I want Betty to see her, so I scream my grandmother’s name as we move.
It takes us maybe five seconds more to get to the door. Just then the air explodes. My body’s thrown across the stage and my head spins into some crazy half-conscious place for a second. Part of the curtain falls on top of me and Paul’s body slams down in front of me. “Paul!”
I scramble through the curtain to get to him. His eyes are glazed. His mouth is trapped in a forever grimace. Horror closes my throat as I try to see through the smoke, try not to dwell on poor Paul, try to keep fighting, keep thinking, keep going on. The explosion came from the front of the theater. A gaping hole to the outside is there now. Smoke mixes with snow. Still, even though it should be silent, the battle wages on. People cry and scream and attack. The cold rushes inside. The wind swirls programs into the stinking air.

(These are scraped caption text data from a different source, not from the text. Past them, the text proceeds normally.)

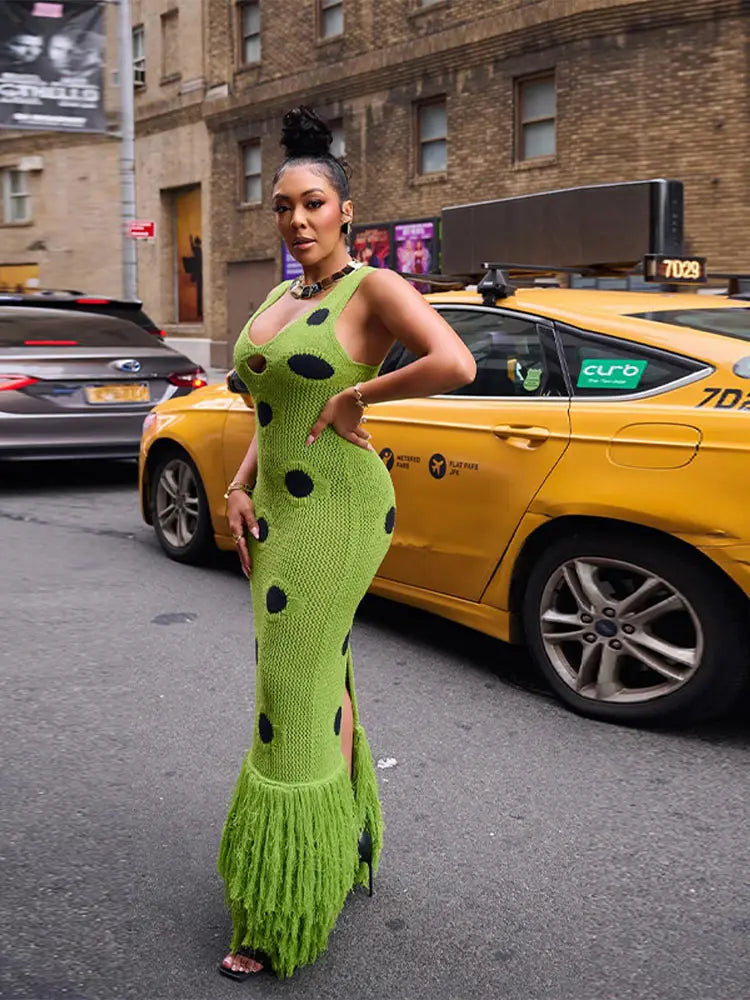Women Sexy See Through Knitted Maxi Dress Hollow Out Deep Neck Pot Robes Tassel Hem Fork Party Vestidos 2025 New Lady Club Gown
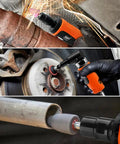 Pneumatic Air Die Grinder Set With Straight And Angled Heads 20K To 25K Rpm in action on rusted metal and brake components.
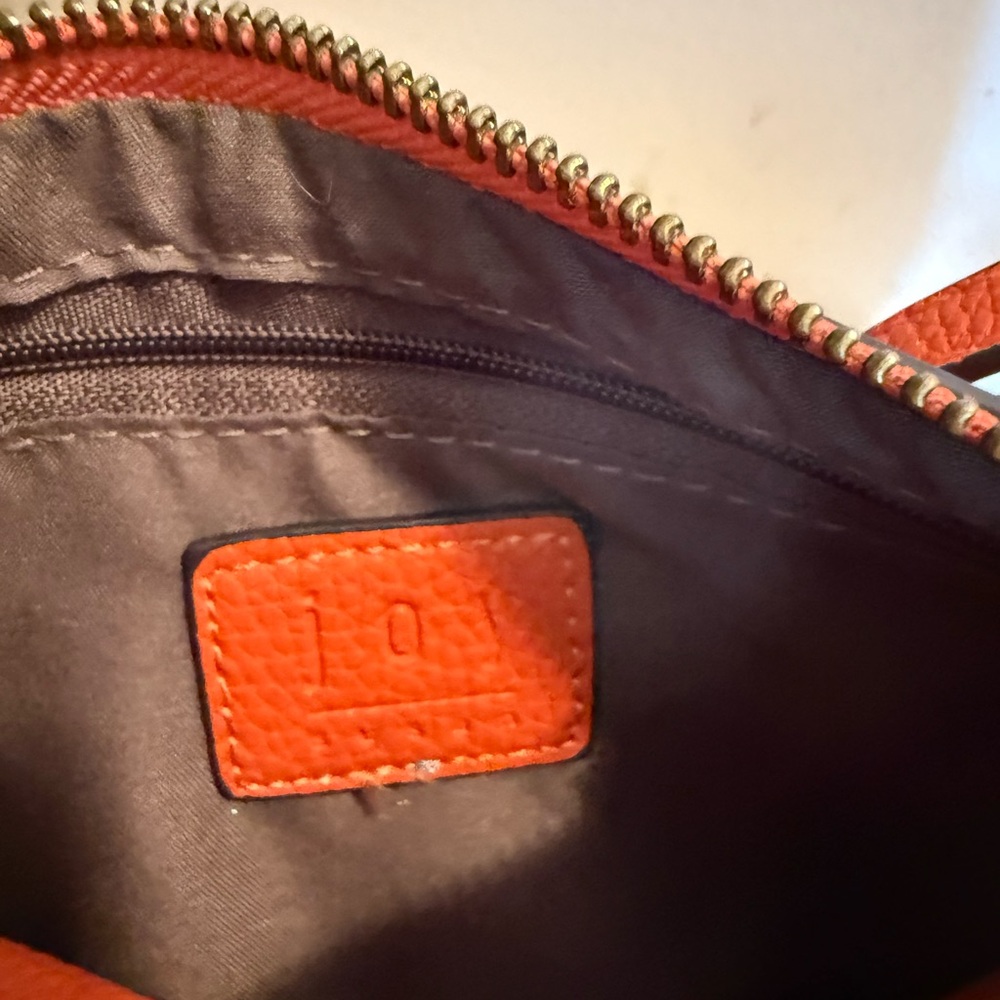 Joy Susan Crossbody Purse Wristlet Clutch Vegan Faux Leather Orange NWOT - Picture 6 of 6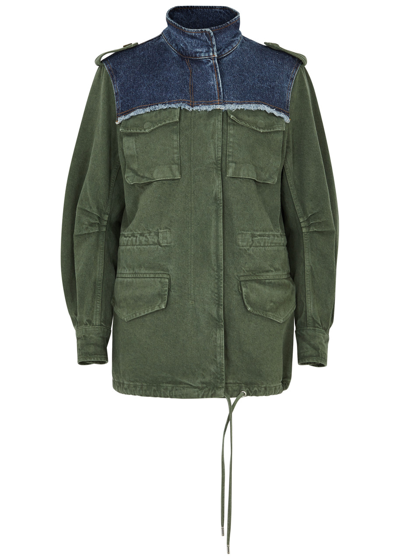 Chloé Chloe Panelled Cotton-blend Jacket In Green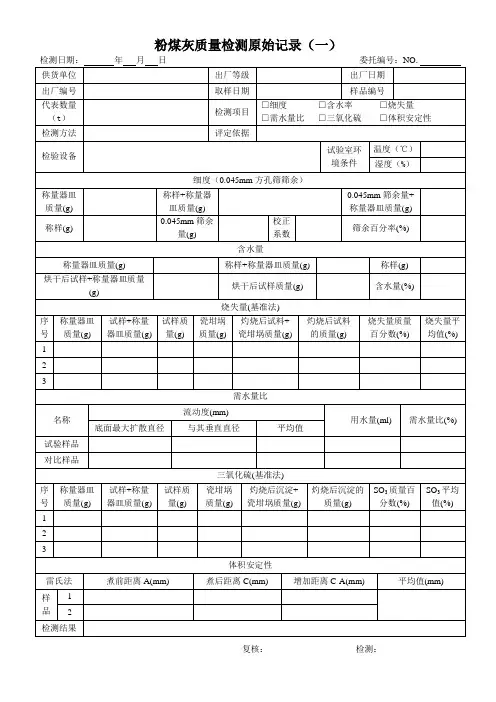 粉煤灰质量检测原始记录
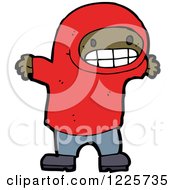 Clipart Of A Clipart Of A Grinning Black Boy In A Hodie Royalty Free Vector Illustration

At the center of the stage, a bruised and blood-stained tiger brushes her nose across a giant bear’s muzzle. The bear lowers her head even more and nudges the tiger’s shoulder.
My father grabs me by the arm. “Come on.”
We scurry back to the trapdoor and look down. Below us are pixies, at least a dozen. They snarl, waiting for us to attempt to get down there too. Austin is crumpled on the ground, bitten and dead. They step on him like he’s a piece of dust. Austin . . .
“There’s too many,” I say. “They’ll tear us apart.”
“We are ghosts.” My father stands there, obviously ready to jump. He nods at Mrs. Nix. “We have nothing to lose and everything to gain by helping you.”
Mrs. Nix rolls her eyes and plunges into the pit, snarling. She stands on her hind legs and roars. My father jumps down behind her and yells, “Give us a second.”
“Zara! Look out!” some guy yells.
Arrows fling at me. I just barely manage to duck down. More arrows come, diving into the wood. Frantic, I try to see where they’re coming from. It’s a pixie at the edge of the theater, hunkered down behind the seats. He only pops up to shoot. Issie’s parents are rushing at him, knives drawn. I can’t watch. Instead, I jump down into the space beneath the stage, landing soundly by Mrs. Nix. Pixies are still fighting them.
My father, the former pixie king, yells, “Go ahead. The tunnel. I can smell Nick that way. We’ll hold them off.”
“Dad.” I swallow. “Thank you.”
He smiles a tiny bit and snap kicks a pixie. “You are welcome.”
Mrs. Nix snorts.
“I love you. I love you both.” The words don’t seem enough.
“Zara! Go!” my father yells. “And tell your mother about this, okay? If the world doesn’t end? I’d like her to think of me more fondly.”